Vive junto a uno de sus hijos -tiene dos hijas más- en la Casa de los Platos (calle Cabestany), una casa de origen familiar ubicada en un terreno que antiguamente era mayor que el que ahora ocupa. “Todo esto era huerto y llegaba más allá de la calle Tarbes”. Una casa que construyó su tío, hermano de su padre, un hombre “muy bohemio, al que le gustaba tocar la guitarra, hacer fotografías, que se puso de minutero (fotógrafos que entonces se ubicaban en las calles y revelaban las imágenes en pocos minutos) en la plaza Zaragoza”.
Aunque fue él quien decidió la construcción de esta casa, allá por 1948, el nombre por el que se la conoce actualmente es cosa de ella, una mujer amante de lo bonito y que quiso transformar una fachada que le resultaba “feísima”: “Un día puse un plato, al día siguiente puse dos o tres. Me pareció que quedaba chulísimo”. Decidió ir comprando hasta tener bastantes como para decorar no sólo la fachada exterior sino también la trasera y los muros que rodean el jardín.

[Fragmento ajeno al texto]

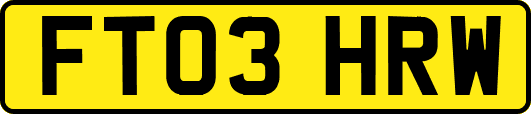 FT03HRW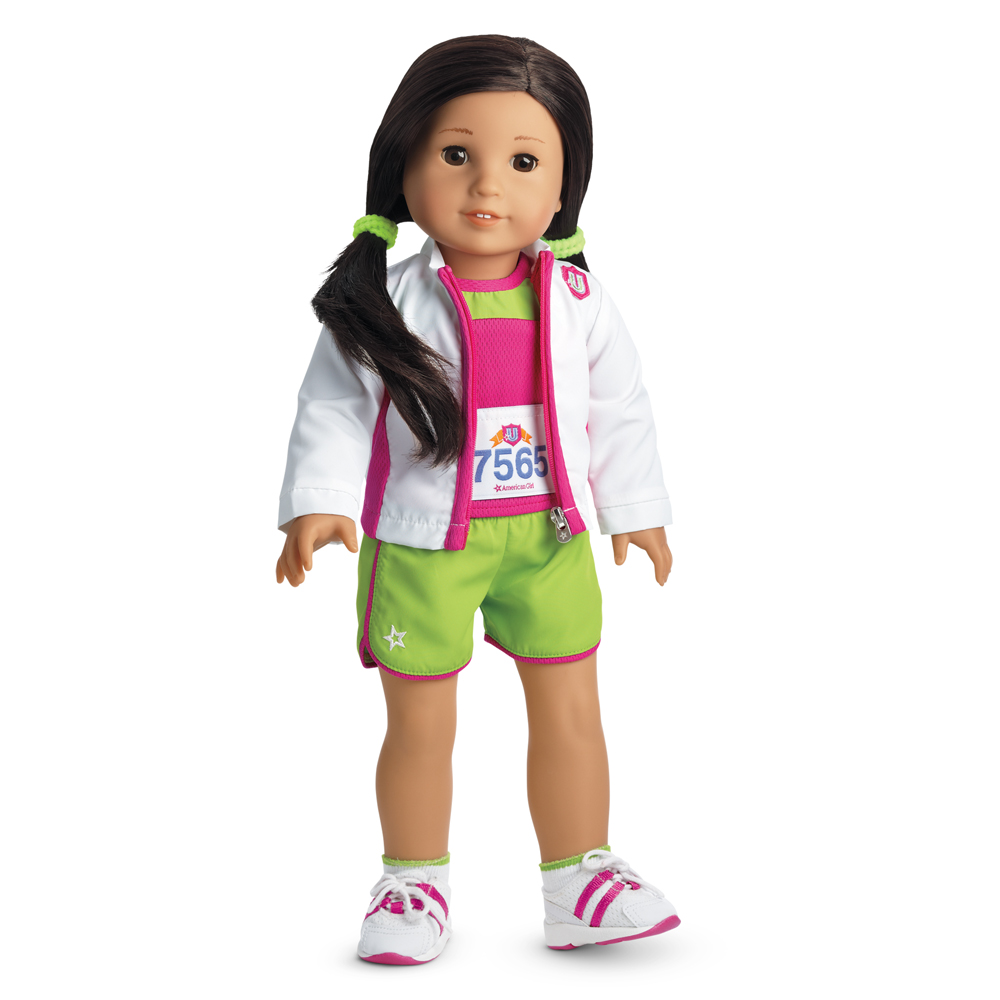 American girl sales track outfit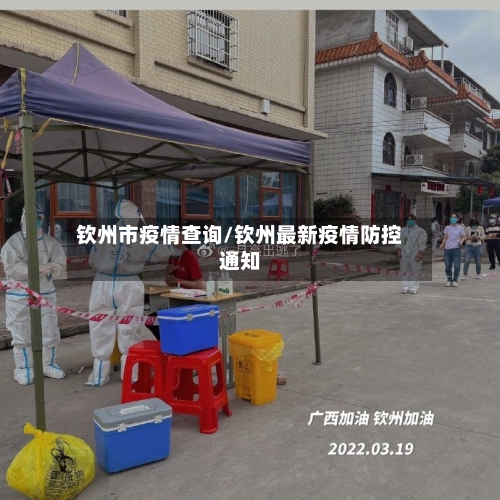 钦州市疫情查询/钦州最新疫情防控通知-第2张图片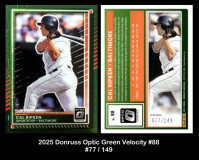 2025-Donruss-Optic-Green-Velocity-88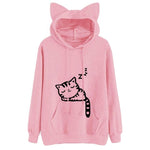 Pull chat kawaii <br>sieste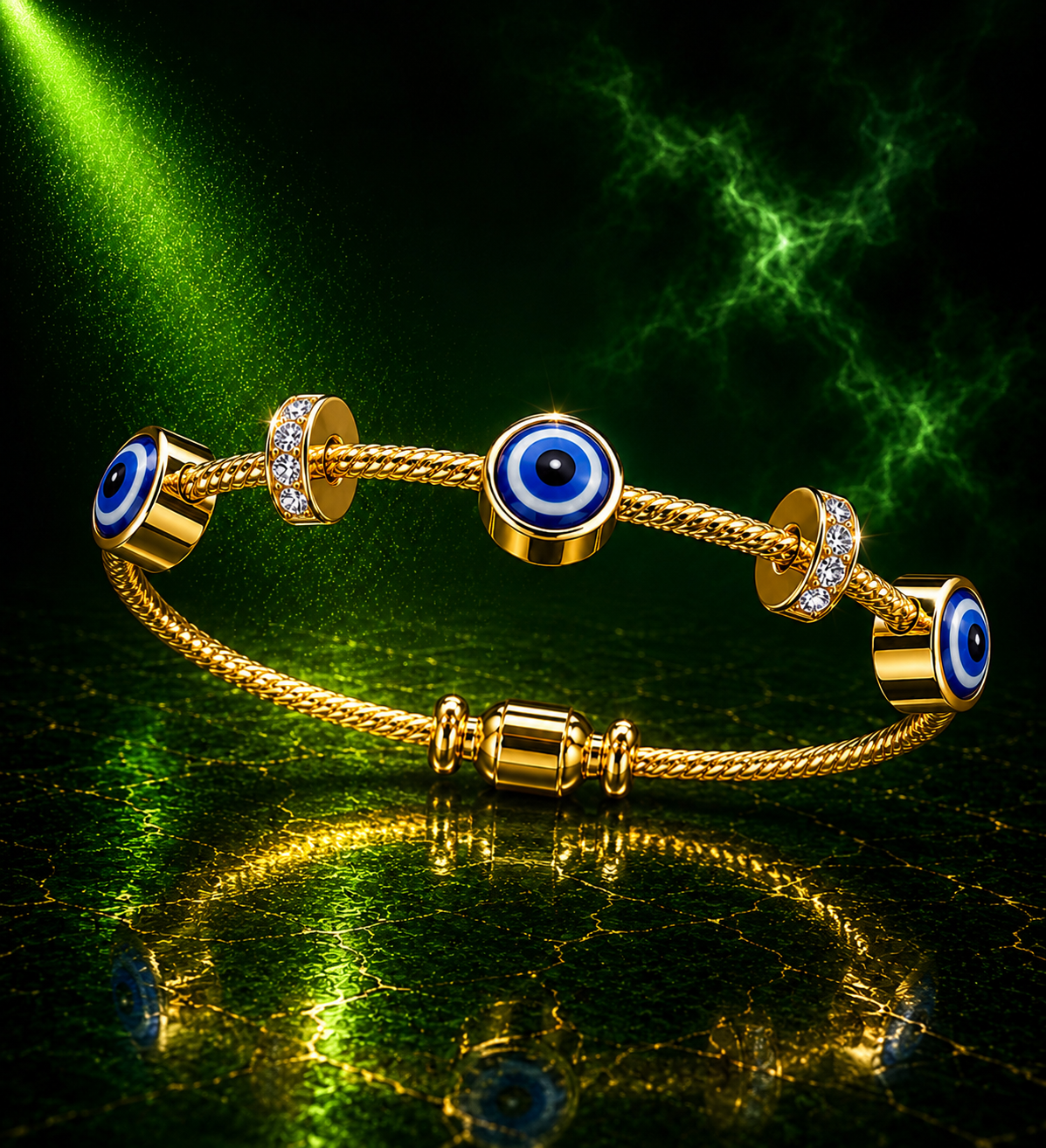 Evil Eye Charm Kada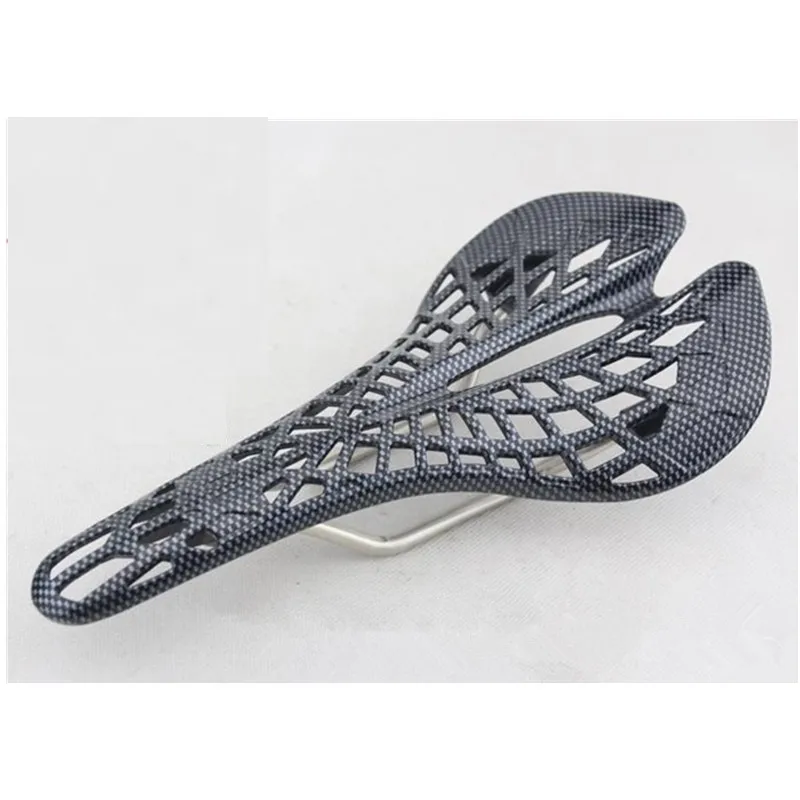 Велосипедное седло HIMALO дышащее эргономичное ажурное переднее сиденье для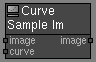 Curve Sample Image node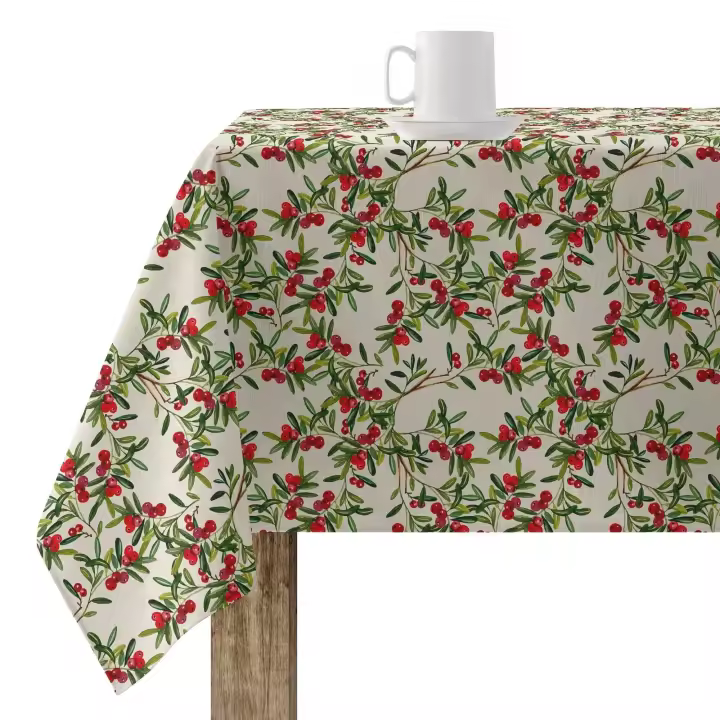 BL Belum Mantel Navidad Resinado Antimanchas con Teflón - 1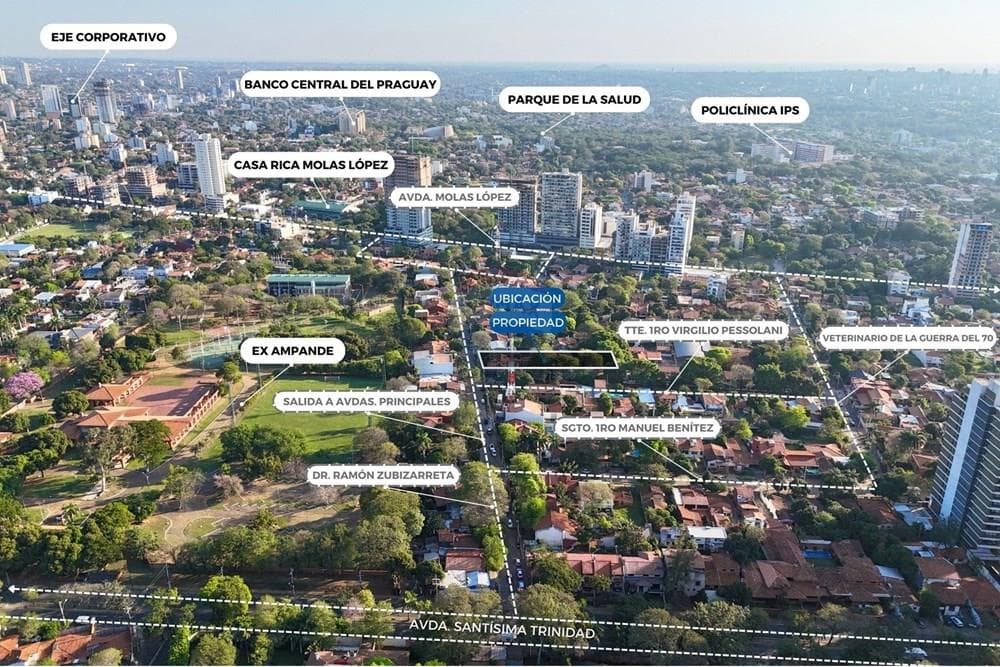 Terreno en venta en barrio mburucuya - asuncion, foto 4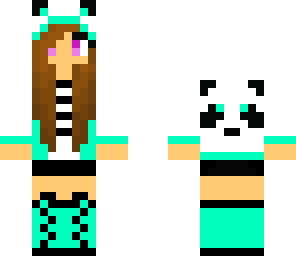 panda girl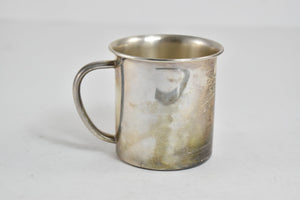 Sterling Silver Poole Sterling Mother Goose Baby Cup Mug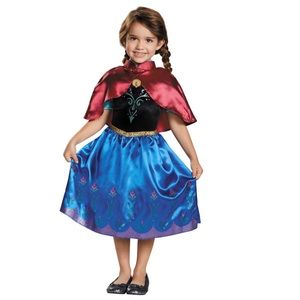 Frozen Anna Costume Dress Up by Disguise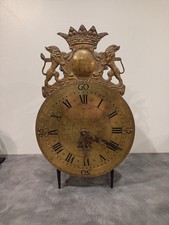 Horloge Lanterne Normande Bronze Vers 1800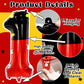 YIIHMEI 1st Mouse Balloons Birthday Decorations Baby Shower Party Supplies Boy Red And Black Foil Balloon Banner 40inch Number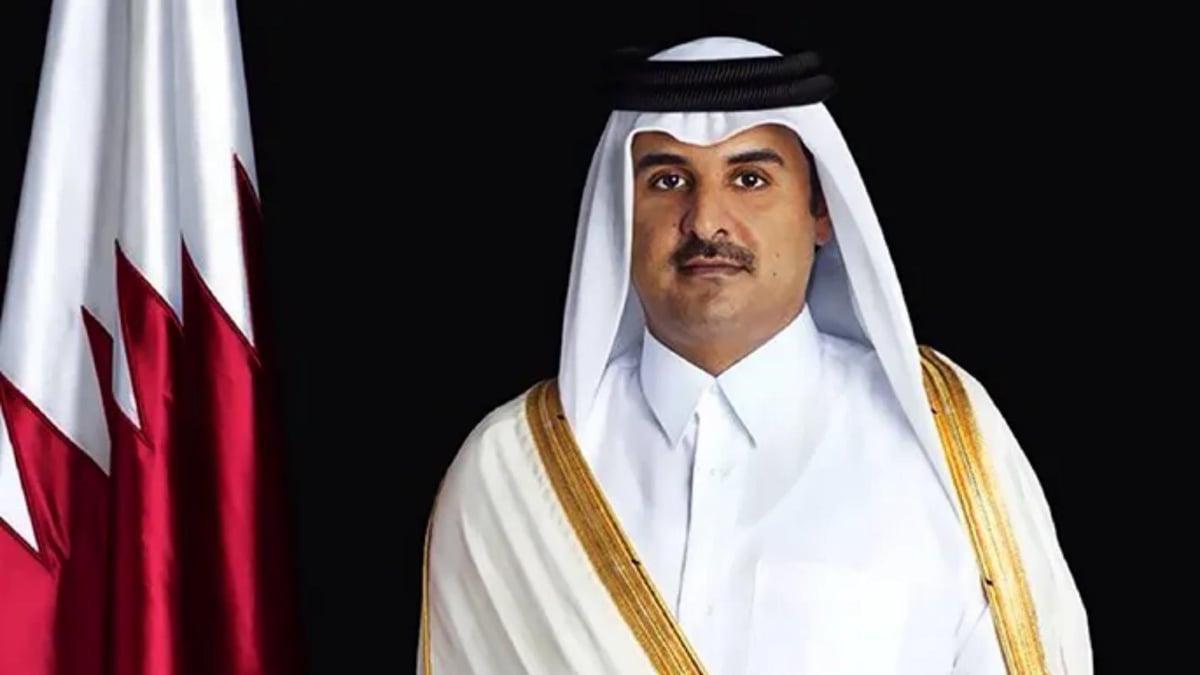 أمير قطر: نقف إلى جانب لبنان وجيشه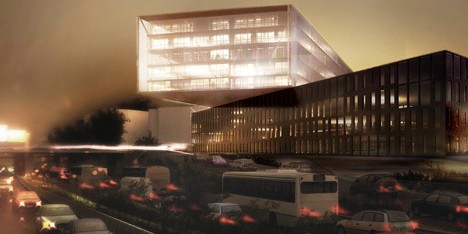 The Beam by MVRDV and de Alzua+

Objetos de admiración y hasta de alguna pedrada, lanzadas por algún viandante cuando estaban las calles sin asfaltar, “pero como tenía tantos por aquí dentro, al día siguiente ya había puesto otro”, recuerda con sosiego. Cleofé pasa sus tardes en ese jardín, un refugio con rosales y plantas y arbustos, en el que todavía trabaja, “quitando hierbas, regando, poniendo flores, cambiando las macetas de un sitio a otro”, entre tinajas de cerámica, junto a un pozo de origen romano y una piscina con la forma de la parrilla de San Lorenzo.
Se siente agradecida por la vida que ha tenido, una vida buena. “No sé cómo Dios me ha dado tanta gracia”, afirma mirando al cielo, muestra de lo creyente que se confiesa.